== WHAT IS BEING ASKED ==
Word for word, restate the records from their first line through the line with "Hotel Ross Zwönitz Buitenkant foto", both ends included; omit each picture.

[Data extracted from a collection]
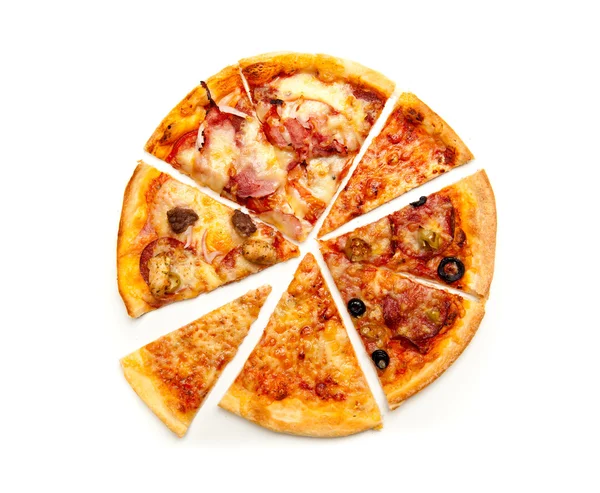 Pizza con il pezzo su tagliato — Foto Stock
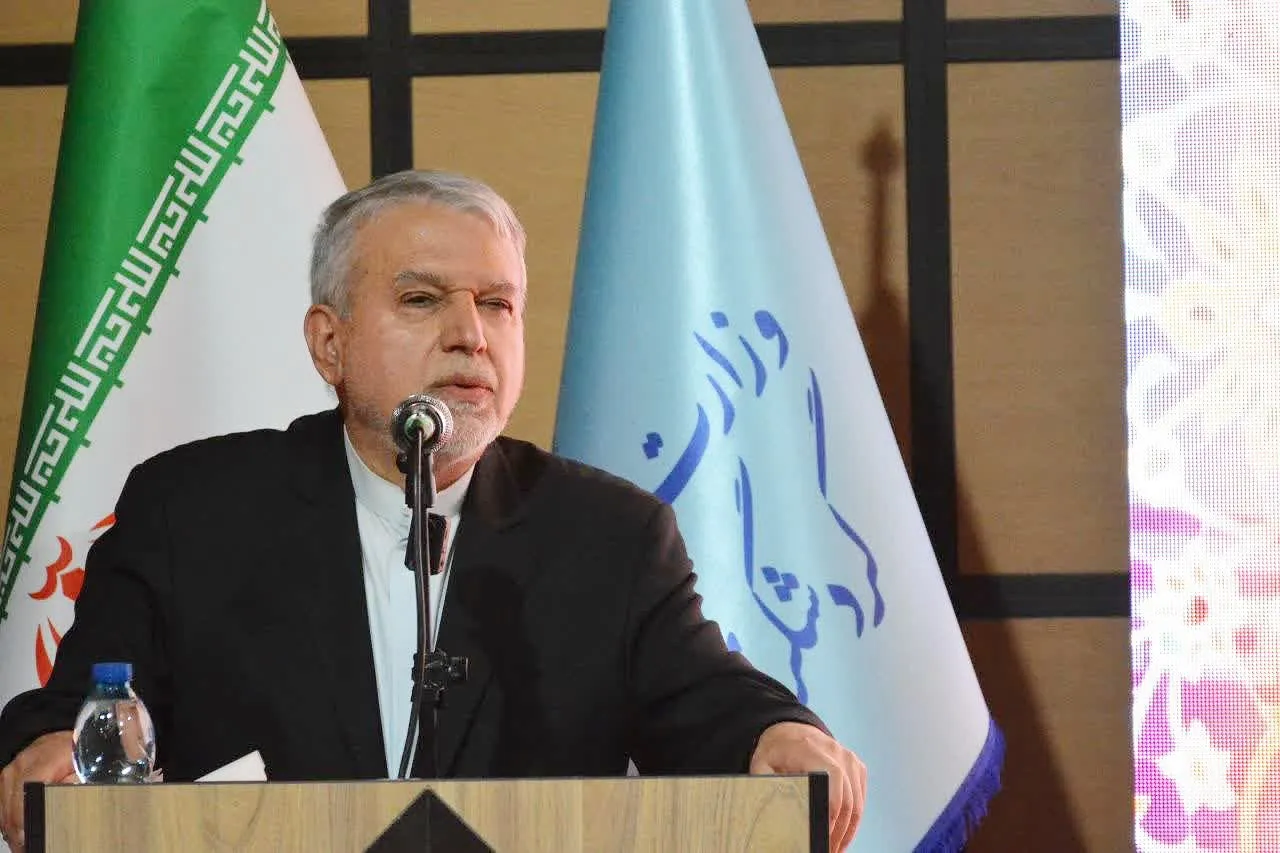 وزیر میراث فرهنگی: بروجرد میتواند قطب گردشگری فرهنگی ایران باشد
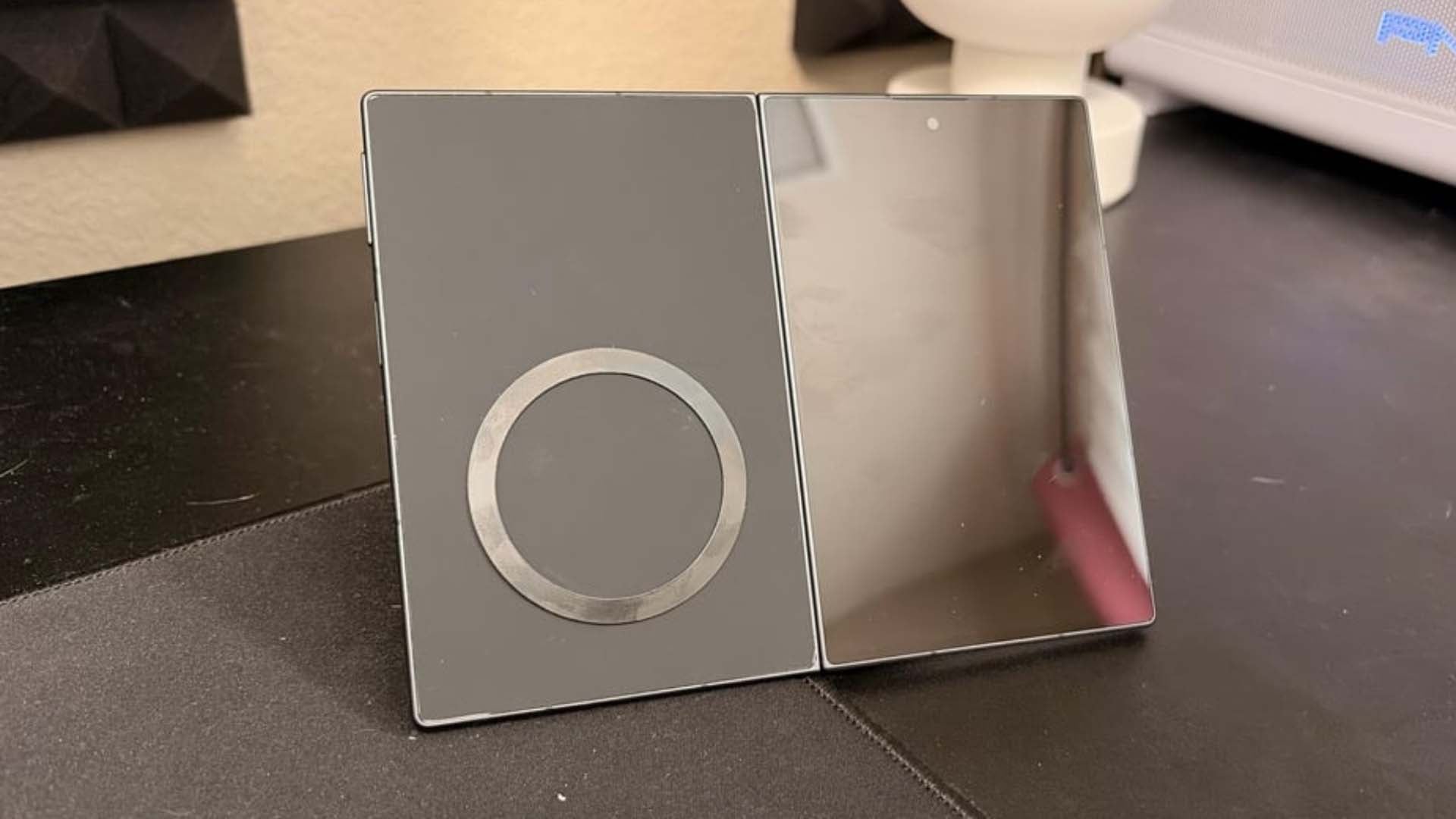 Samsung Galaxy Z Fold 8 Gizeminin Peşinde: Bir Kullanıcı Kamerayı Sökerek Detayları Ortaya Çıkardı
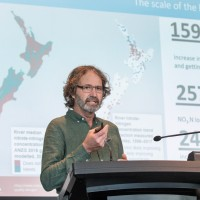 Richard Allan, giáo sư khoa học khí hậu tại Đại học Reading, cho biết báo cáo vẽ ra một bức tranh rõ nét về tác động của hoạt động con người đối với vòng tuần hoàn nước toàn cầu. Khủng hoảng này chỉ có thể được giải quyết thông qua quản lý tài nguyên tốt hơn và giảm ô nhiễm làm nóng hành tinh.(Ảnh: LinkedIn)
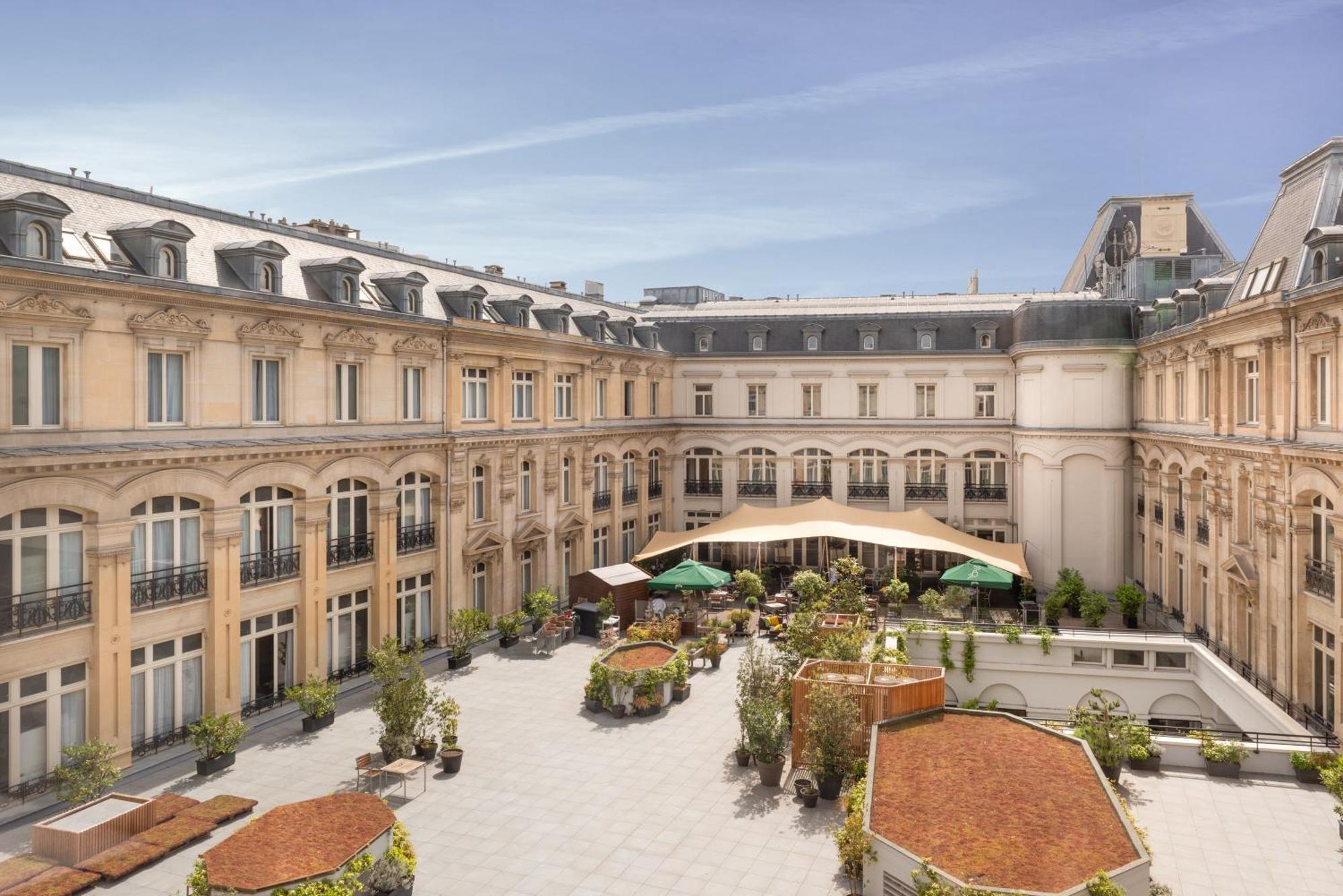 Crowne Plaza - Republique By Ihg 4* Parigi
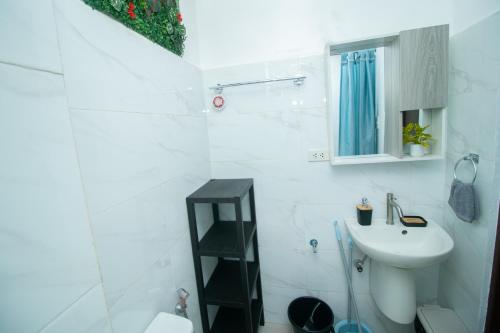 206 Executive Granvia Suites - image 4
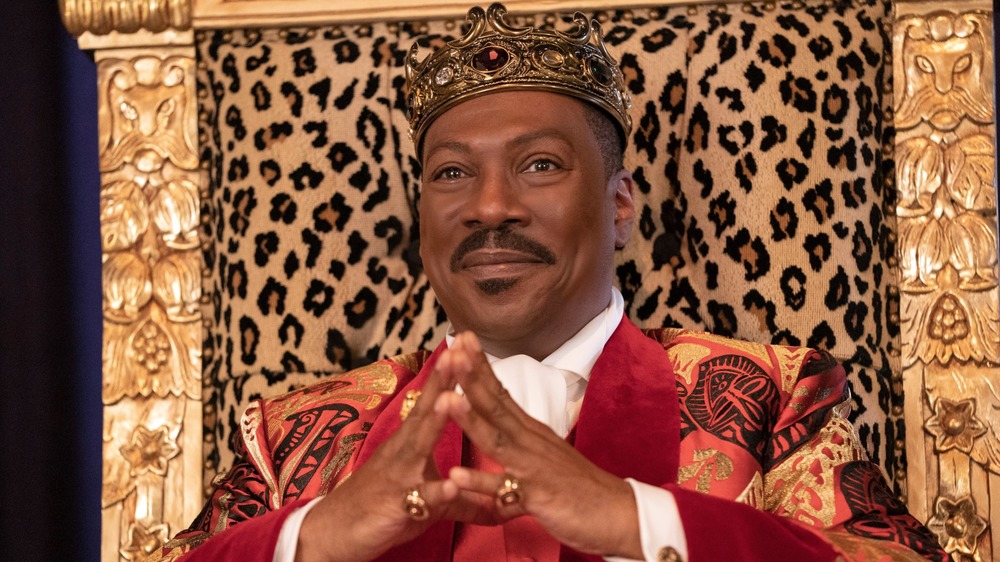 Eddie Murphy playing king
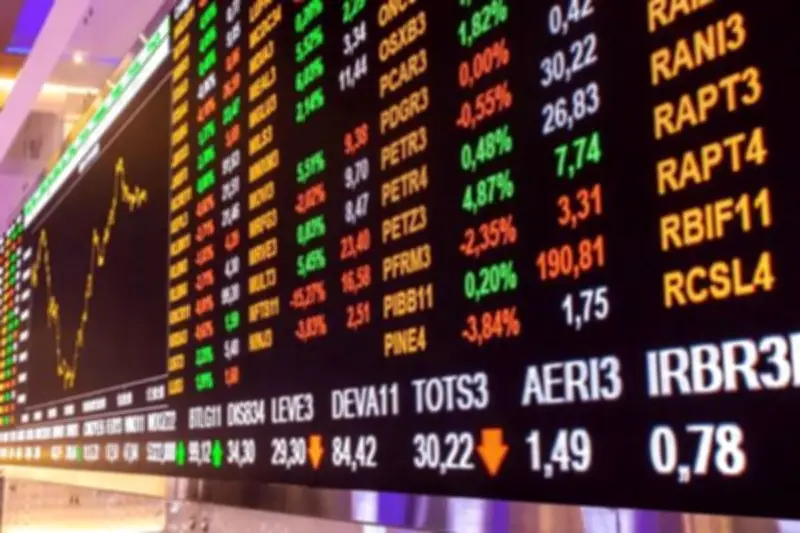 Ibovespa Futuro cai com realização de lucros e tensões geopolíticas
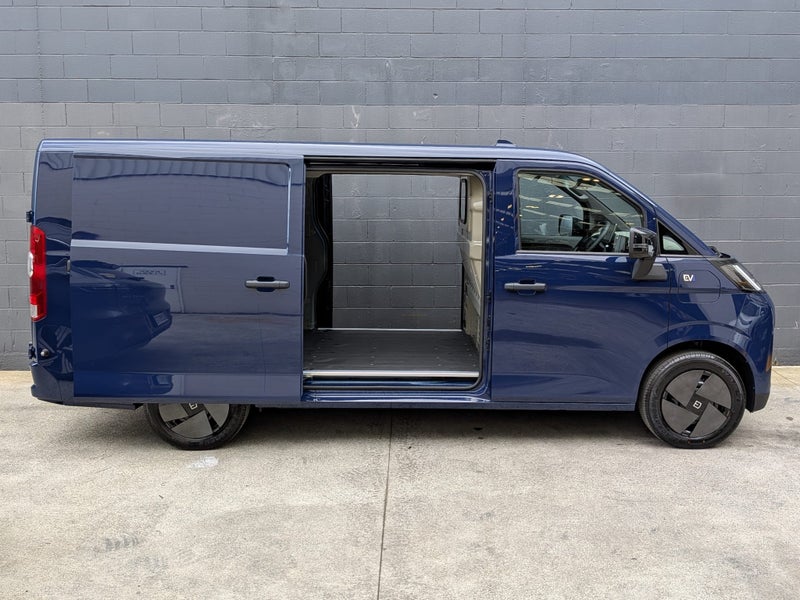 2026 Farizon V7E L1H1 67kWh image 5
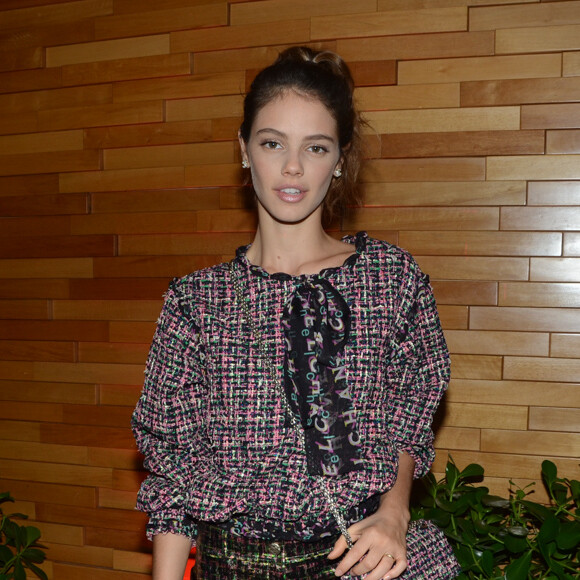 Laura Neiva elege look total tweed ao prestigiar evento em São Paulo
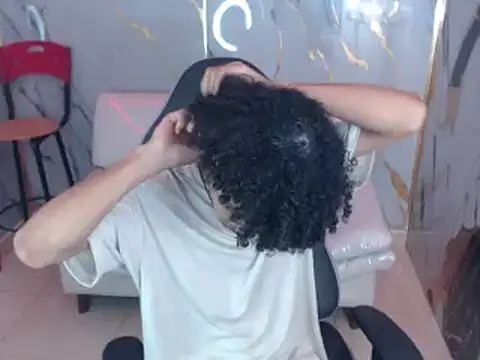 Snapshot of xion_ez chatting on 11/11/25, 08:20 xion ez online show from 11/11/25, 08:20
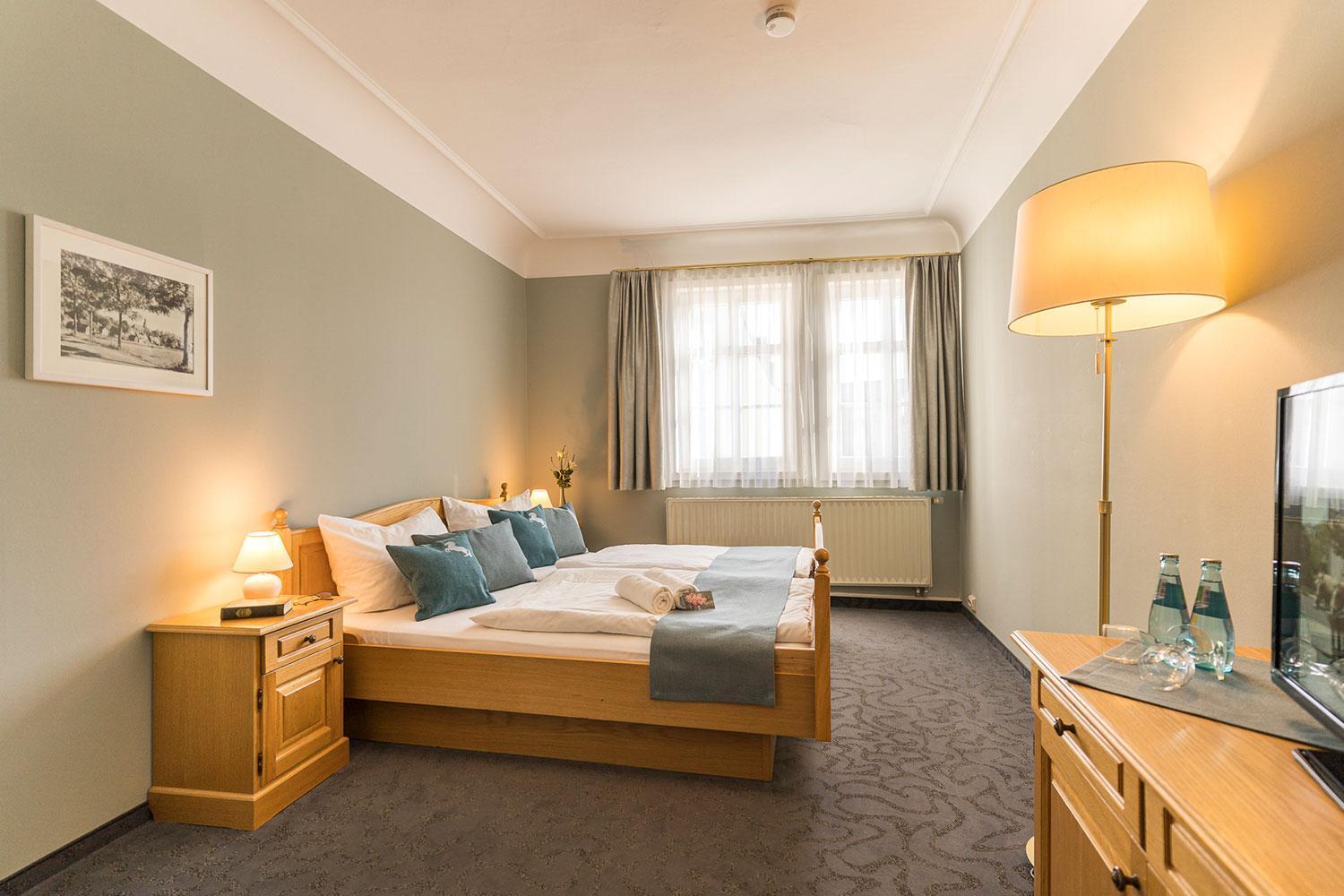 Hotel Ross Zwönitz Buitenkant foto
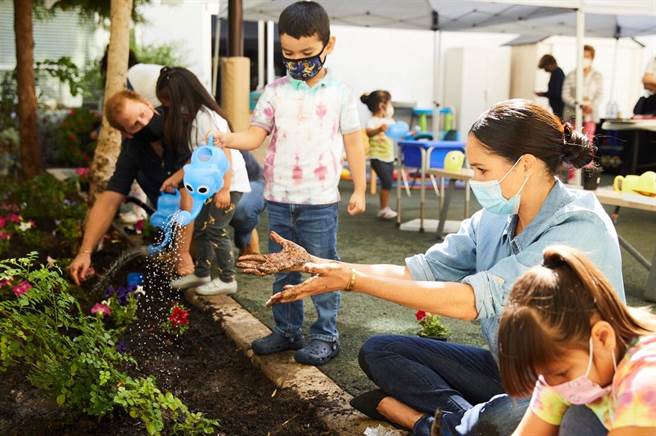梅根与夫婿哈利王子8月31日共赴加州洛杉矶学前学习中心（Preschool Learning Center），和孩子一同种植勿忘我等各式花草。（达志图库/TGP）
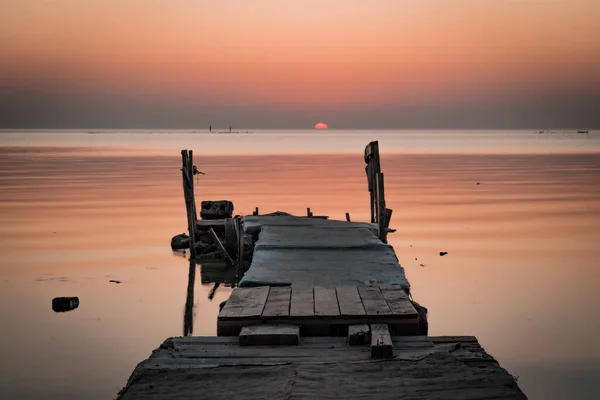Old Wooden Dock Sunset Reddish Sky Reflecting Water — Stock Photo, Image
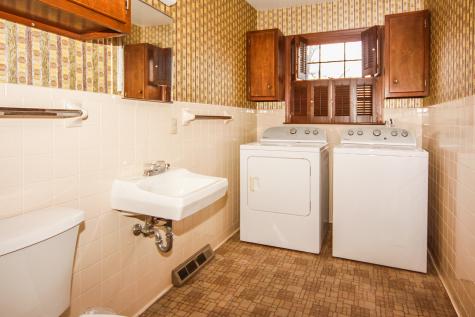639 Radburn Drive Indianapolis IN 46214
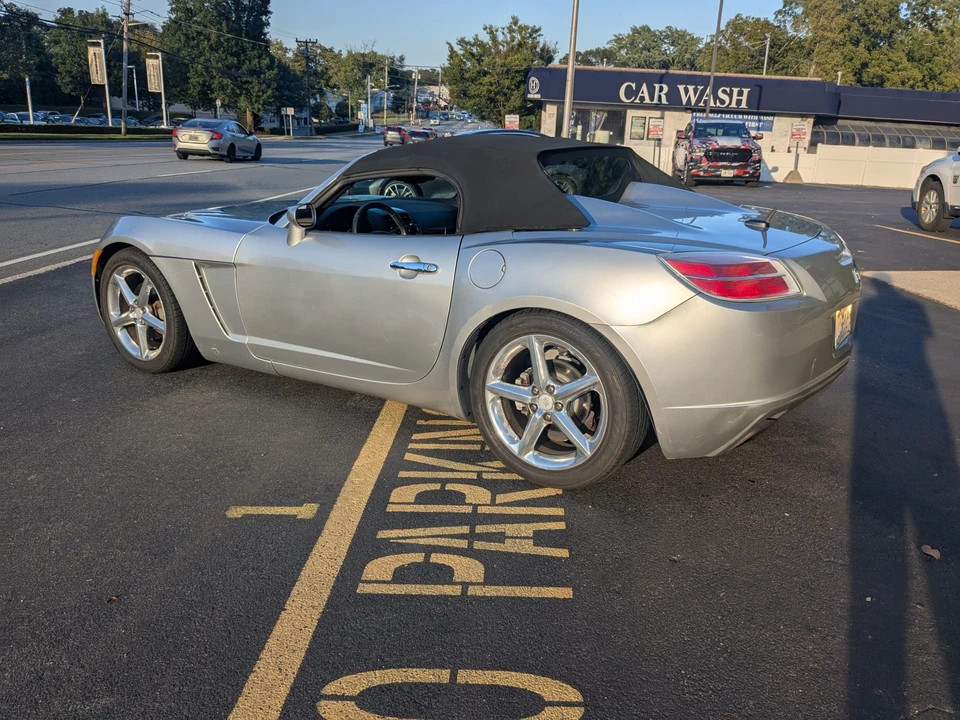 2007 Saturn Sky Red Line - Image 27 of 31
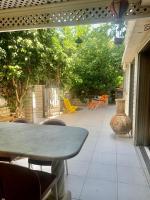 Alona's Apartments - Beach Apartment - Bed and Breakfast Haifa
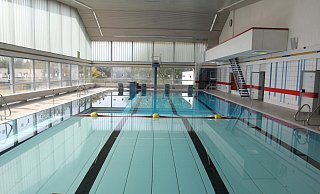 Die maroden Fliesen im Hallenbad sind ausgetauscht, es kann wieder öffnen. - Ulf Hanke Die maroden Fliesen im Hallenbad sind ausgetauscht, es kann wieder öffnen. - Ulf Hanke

== PROBLEM SOLUTION ==
 Pizza con il pezzo su tagliato — Foto Stock
 وزیر میراث فرهنگی: بروجرد میتواند قطب گردشگری فرهنگی ایران باشد
 Samsung Galaxy Z Fold 8 Gizeminin Peşinde: Bir Kullanıcı Kamerayı Sökerek Detayları Ortaya Çıkardı
 Richard Allan, giáo sư khoa học khí hậu tại Đại học Reading, cho biết báo cáo vẽ ra một bức tranh rõ nét về tác động của hoạt động con người đối với vòng tuần hoàn nước toàn cầu. Khủng hoảng này chỉ có thể được giải quyết thông qua quản lý tài nguyên tốt hơn và giảm ô nhiễm làm nóng hành tinh.(Ảnh: LinkedIn)
 Crowne Plaza - Republique By Ihg 4* Parigi
 206 Executive Granvia Suites - image 4
 Eddie Murphy playing king
 Ibovespa Futuro cai com realização de lucros e tensões geopolíticas
 2026 Farizon V7E L1H1 67kWh image 5
 Laura Neiva elege look total tweed ao prestigiar evento em São Paulo
 Snapshot of xion_ez chatting on 11/11/25, 08:20 xion ez online show from 11/11/25, 08:20
 Hotel Ross Zwönitz Buitenkant foto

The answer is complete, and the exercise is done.